"""

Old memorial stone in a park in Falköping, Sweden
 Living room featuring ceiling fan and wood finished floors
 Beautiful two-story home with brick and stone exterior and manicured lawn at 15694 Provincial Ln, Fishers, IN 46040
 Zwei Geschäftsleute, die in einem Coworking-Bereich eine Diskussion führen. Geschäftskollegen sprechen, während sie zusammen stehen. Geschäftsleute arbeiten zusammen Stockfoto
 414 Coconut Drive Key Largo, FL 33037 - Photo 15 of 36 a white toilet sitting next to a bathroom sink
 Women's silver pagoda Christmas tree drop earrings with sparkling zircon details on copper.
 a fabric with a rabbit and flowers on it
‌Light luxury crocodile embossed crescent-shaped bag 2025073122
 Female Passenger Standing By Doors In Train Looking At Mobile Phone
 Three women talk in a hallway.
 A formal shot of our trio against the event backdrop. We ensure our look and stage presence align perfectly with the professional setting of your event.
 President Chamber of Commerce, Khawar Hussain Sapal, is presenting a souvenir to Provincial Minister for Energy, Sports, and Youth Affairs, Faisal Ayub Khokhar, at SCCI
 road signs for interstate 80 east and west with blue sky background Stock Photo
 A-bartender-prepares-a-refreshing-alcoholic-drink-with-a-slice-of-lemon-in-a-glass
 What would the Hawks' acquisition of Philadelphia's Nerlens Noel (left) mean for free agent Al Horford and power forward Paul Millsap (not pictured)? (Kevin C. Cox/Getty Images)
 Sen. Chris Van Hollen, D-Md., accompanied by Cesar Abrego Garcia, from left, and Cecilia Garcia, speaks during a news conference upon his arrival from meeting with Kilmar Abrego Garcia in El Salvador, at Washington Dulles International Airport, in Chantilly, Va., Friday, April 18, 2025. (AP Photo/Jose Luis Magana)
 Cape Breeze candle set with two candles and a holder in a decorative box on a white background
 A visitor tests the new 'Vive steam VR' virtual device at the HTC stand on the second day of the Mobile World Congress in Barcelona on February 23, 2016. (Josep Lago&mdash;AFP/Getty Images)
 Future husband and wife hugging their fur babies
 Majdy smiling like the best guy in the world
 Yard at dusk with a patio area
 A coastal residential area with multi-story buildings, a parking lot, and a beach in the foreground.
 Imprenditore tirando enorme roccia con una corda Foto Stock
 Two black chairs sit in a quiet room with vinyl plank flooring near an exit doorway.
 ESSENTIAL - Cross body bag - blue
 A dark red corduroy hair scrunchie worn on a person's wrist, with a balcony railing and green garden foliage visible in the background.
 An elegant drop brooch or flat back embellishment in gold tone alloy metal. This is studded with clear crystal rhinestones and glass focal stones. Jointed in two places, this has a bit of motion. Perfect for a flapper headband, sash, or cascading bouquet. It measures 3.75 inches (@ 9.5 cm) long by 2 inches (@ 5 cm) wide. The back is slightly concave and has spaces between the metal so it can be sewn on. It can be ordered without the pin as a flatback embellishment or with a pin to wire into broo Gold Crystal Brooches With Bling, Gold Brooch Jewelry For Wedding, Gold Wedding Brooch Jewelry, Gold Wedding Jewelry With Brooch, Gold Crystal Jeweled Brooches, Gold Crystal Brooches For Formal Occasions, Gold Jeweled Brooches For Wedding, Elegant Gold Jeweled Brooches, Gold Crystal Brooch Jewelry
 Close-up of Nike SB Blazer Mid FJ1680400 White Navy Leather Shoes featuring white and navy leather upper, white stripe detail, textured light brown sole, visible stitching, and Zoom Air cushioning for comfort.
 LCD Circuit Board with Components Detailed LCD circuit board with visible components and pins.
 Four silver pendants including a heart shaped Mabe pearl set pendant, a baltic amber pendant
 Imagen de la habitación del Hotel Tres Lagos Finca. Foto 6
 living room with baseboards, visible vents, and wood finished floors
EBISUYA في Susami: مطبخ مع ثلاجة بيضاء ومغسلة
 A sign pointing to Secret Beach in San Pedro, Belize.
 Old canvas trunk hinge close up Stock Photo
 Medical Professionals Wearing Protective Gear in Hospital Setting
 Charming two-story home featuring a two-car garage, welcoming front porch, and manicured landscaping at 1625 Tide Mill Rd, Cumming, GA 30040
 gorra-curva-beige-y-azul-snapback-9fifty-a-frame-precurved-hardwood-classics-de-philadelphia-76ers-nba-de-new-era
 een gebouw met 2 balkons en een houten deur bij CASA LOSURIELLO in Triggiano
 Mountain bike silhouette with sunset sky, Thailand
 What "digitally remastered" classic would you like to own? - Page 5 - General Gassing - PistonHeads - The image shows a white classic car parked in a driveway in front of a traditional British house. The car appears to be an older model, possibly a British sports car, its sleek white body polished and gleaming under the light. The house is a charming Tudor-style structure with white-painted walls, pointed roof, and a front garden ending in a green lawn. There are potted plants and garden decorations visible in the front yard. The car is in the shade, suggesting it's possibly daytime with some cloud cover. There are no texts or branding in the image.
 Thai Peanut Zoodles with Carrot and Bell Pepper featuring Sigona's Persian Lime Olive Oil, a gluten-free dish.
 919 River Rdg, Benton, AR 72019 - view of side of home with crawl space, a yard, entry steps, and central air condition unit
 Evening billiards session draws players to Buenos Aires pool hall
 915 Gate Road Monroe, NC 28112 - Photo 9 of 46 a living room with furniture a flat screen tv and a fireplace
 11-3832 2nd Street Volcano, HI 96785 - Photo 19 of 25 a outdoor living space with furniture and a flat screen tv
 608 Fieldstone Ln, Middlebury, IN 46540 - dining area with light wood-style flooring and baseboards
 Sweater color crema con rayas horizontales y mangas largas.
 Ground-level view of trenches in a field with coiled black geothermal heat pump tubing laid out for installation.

"""

- Task objective: Compute how many lines in the material contain the word "Provincial". Only the result should be written.

- Finished exercise: 2